Action item:
Each line from the one bearing "Photo of property" through the last line of the entries below should be returned exactly, with pictures left out.
------
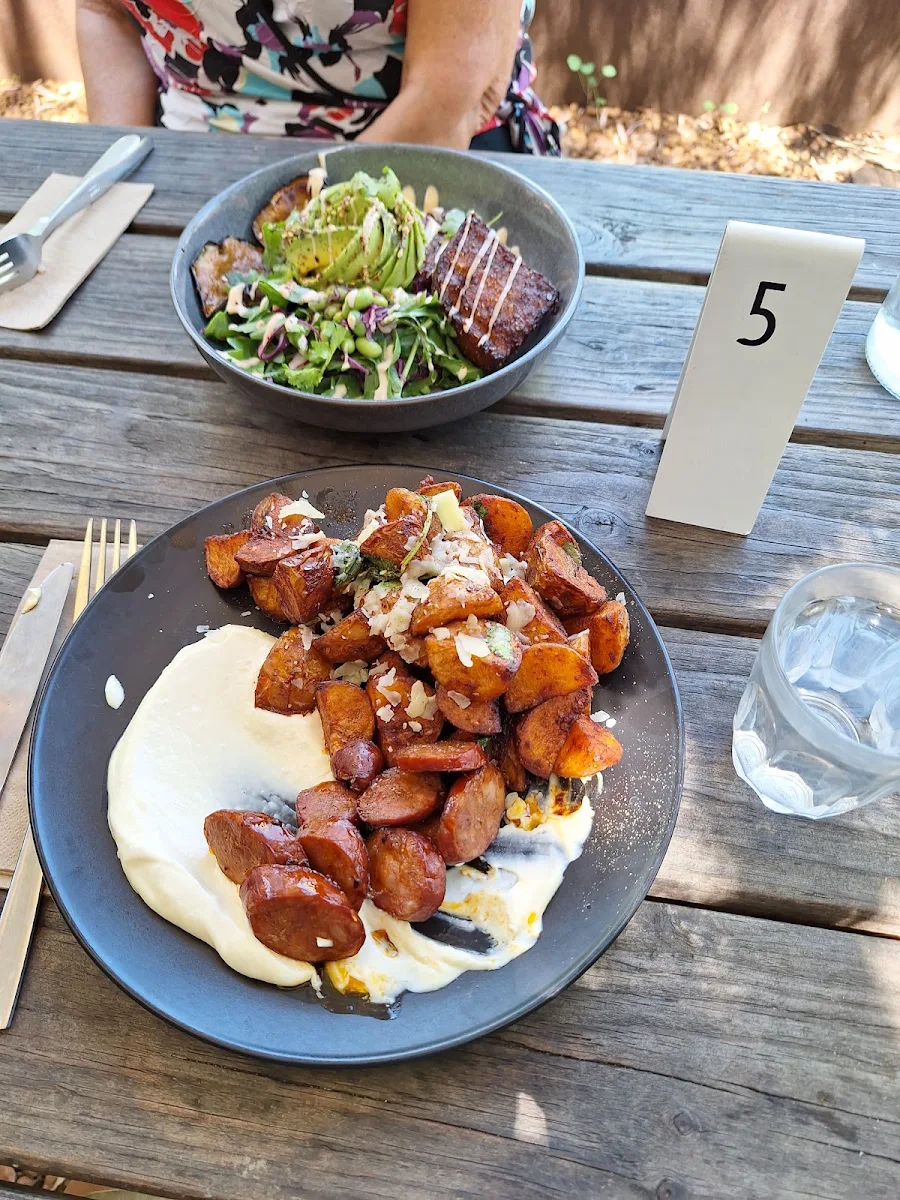 Highlights, Little Iris Cafe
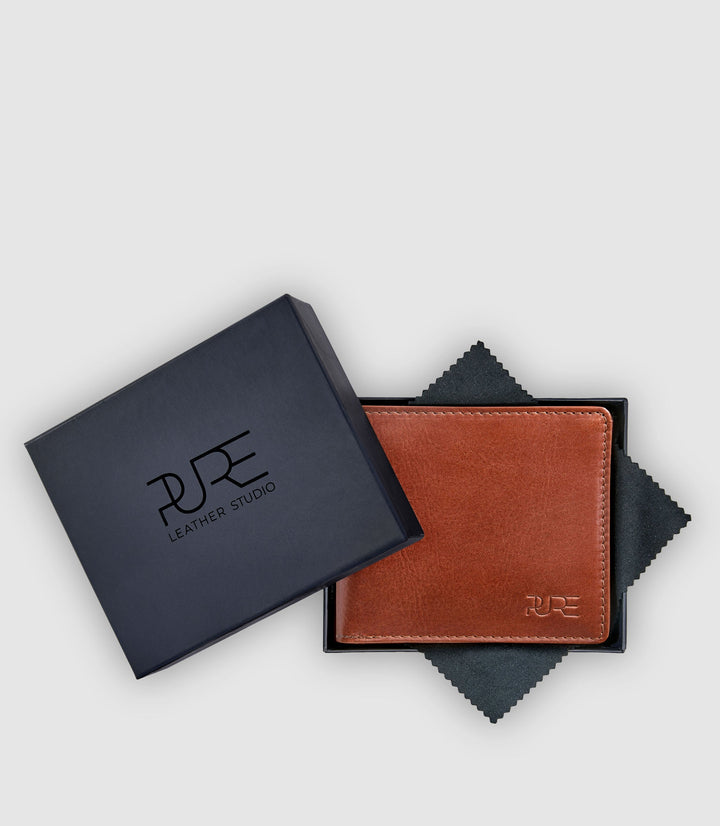 Geldbeutel Leder CASTOR Bifold Cognac aus echtem Leder von PURE Leather Studio | PURE Leather Studio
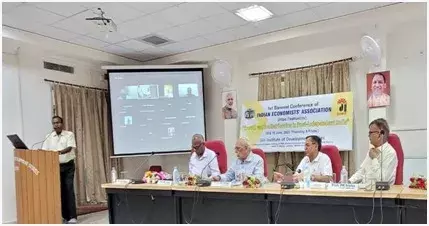 15-16 рдЬреВрди 2023 рдХреЛ рдЧрд┐рд░реА рдЗрдВрд╕реНрдЯреАрдЯреНрдпреВрдЯ рдСрдл рдбреЗрд╡рд▓рдкрдореЗрдВрдЯ рд╕реНрдЯрдбреАрдЬ, рд▓рдЦрдирдК рдореЗрдВ рдЗрдВрдбрд┐рдпрди рдПрдХреНрдиреЛрдорд┐рд╕реНрдЯ рдПрд╕реЛрд╕рд┐рдПрд╢рди рдХрд╛ рдкреНрд░рдердо рджреЛ рджрд┐рд╡рд╕реАрдп рд░рд╛рд╖реНрдЯреНрд░реАрдп рд╕рдореНрдореЗрд▓рди рдЖрдпреЛрдЬрд┐рдд рдХрд┐рдпрд╛ рдЧрдпрд╛ 15-16 рдЬреВрди 2023 рдХреЛ рдЧрд┐рд░реА рдЗрдВрд╕реНрдЯреАрдЯреНрдпреВрдЯ рдСрдл рдбреЗрд╡рд▓рдкрдореЗрдВрдЯ рд╕реНрдЯрдбреАрдЬ, рд▓рдЦрдирдК рдореЗрдВ рдЗрдВрдбрд┐рдпрди рдПрдХреНрдиреЛрдорд┐рд╕реНрдЯ рдПрд╕реЛрд╕рд┐рдПрд╢рди рдХрд╛ рдкреНрд░рдердо рджреЛ рджрд┐рд╡рд╕реАрдп рд░рд╛рд╖реНрдЯреНрд░реАрдп рд╕рдореНрдореЗрд▓рди рдЖрдпреЛрдЬрд┐рдд рдХрд┐рдпрд╛ рдЧрдпрд╛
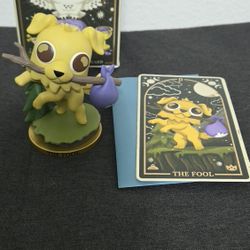 Kaleidos Creative Wild Magic Tarot blind box mini-figure of "The Fool" dog character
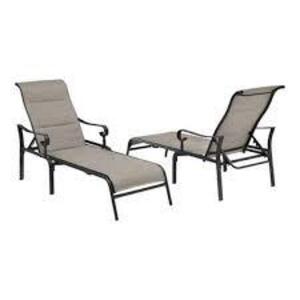 DESCRIPTION: (2) CHAISE LOUNGE SET BRAND/MODEL: HAMPTON BAY #1006300211 INFORMATION: GLENRIDGE FALLS RETAIL$: $399.00 TOTAL QTY: 2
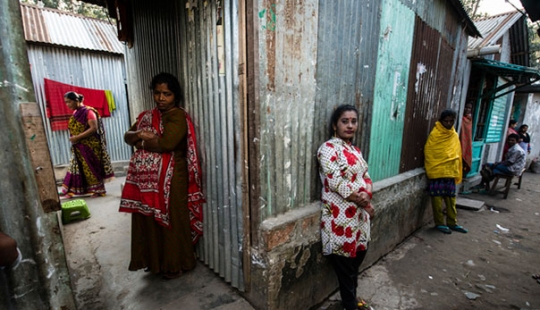 Viviendo dentro de un burdel en Bangladesh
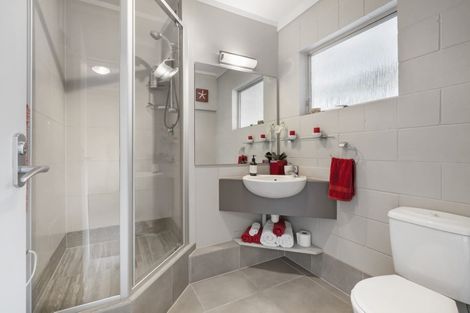 Photo of property in 3/108 East Coast Road, Forrest Hill, Auckland, 0620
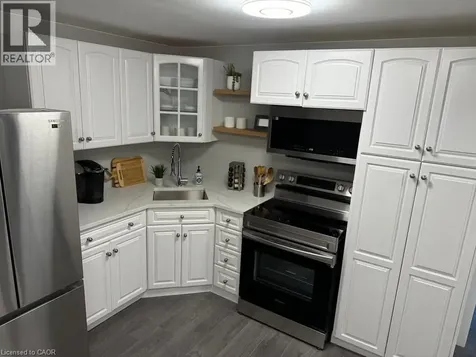 348 Springbrook Avenue Hamilton ON L9K 0K3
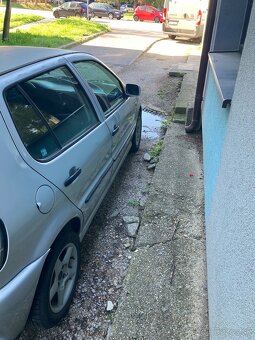 Volkswagen Polo 1.9 D rv 2000 - 3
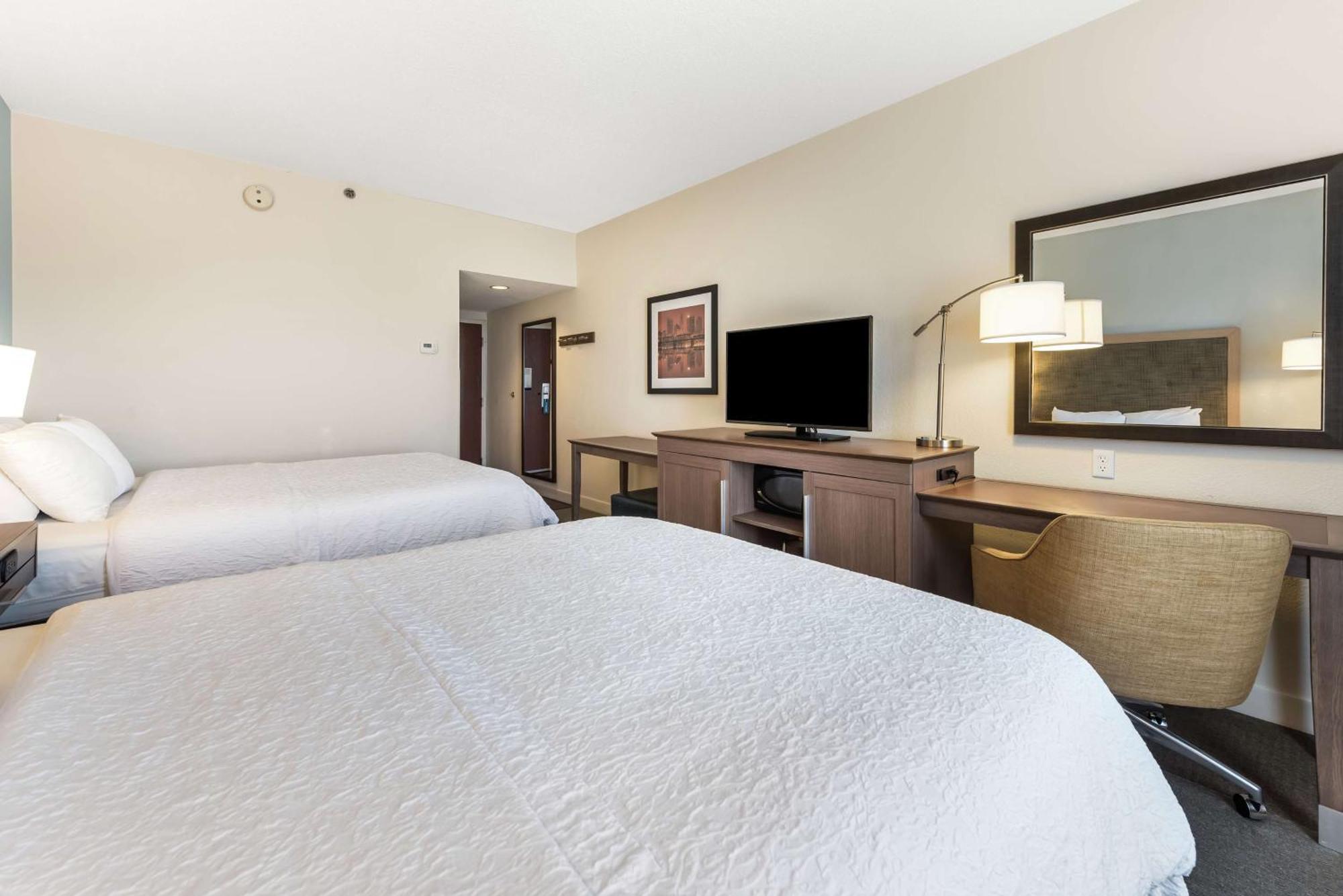 Hampton Inn Columbus I-70E/Hamilton Road Eksteriør bilde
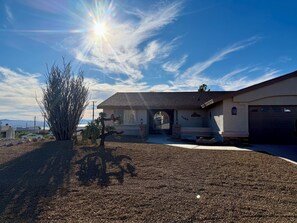 Exterior - Palo Verde Paradise – Open Skies & Room for Toys (Lake Havasu City)
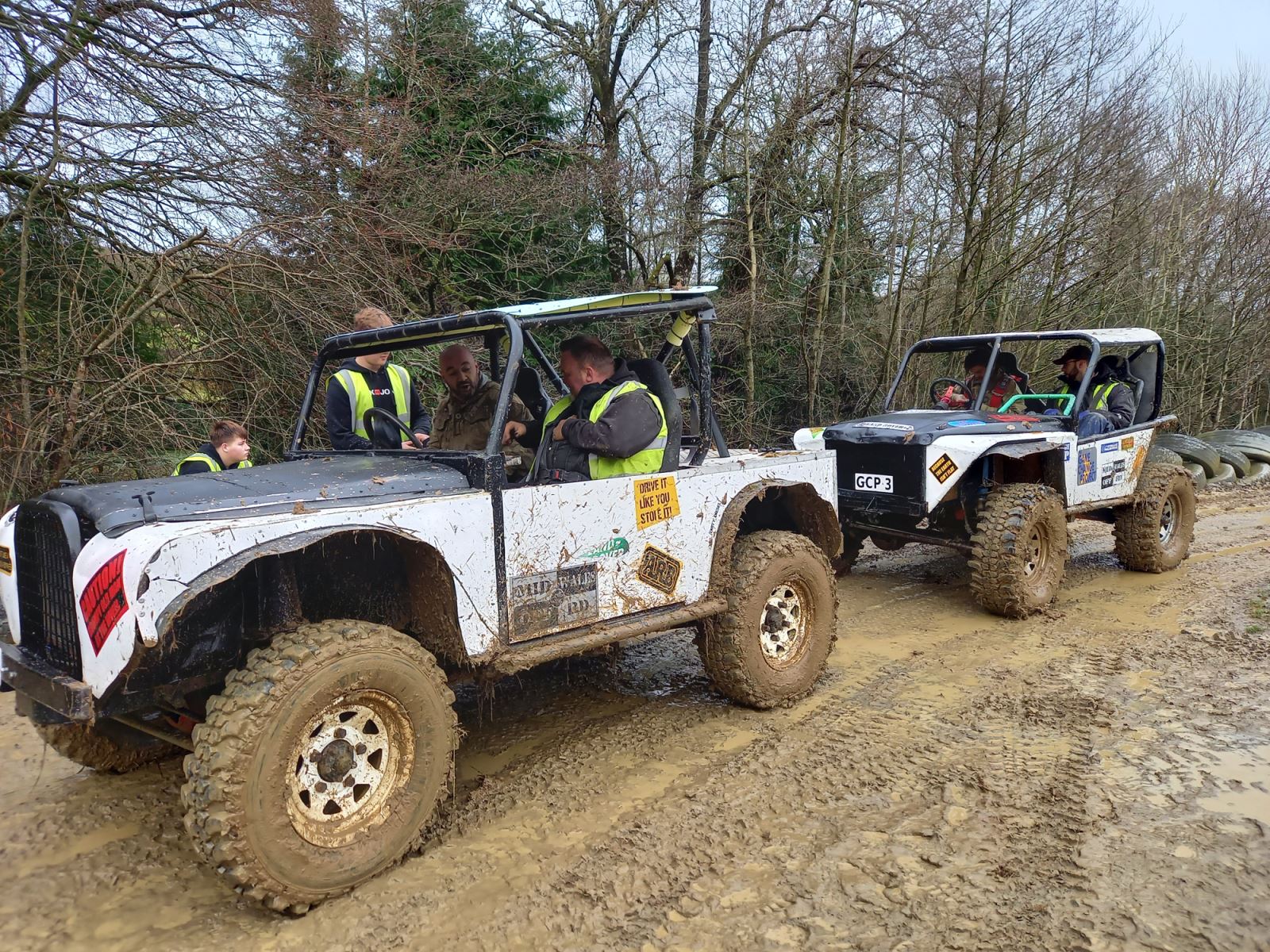 Off-road at the helm of a powerful 4x4 trialling machine / Landrover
------
Response box:
 Photo of property in 3/108 East Coast Road, Forrest Hill, Auckland, 0620
 348 Springbrook Avenue Hamilton ON L9K 0K3
 Volkswagen Polo 1.9 D rv 2000 - 3
 Hampton Inn Columbus I-70E/Hamilton Road Eksteriør bilde
 Exterior - Palo Verde Paradise – Open Skies & Room for Toys (Lake Havasu City)
 Off-road at the helm of a powerful 4x4 trialling machine / Landrover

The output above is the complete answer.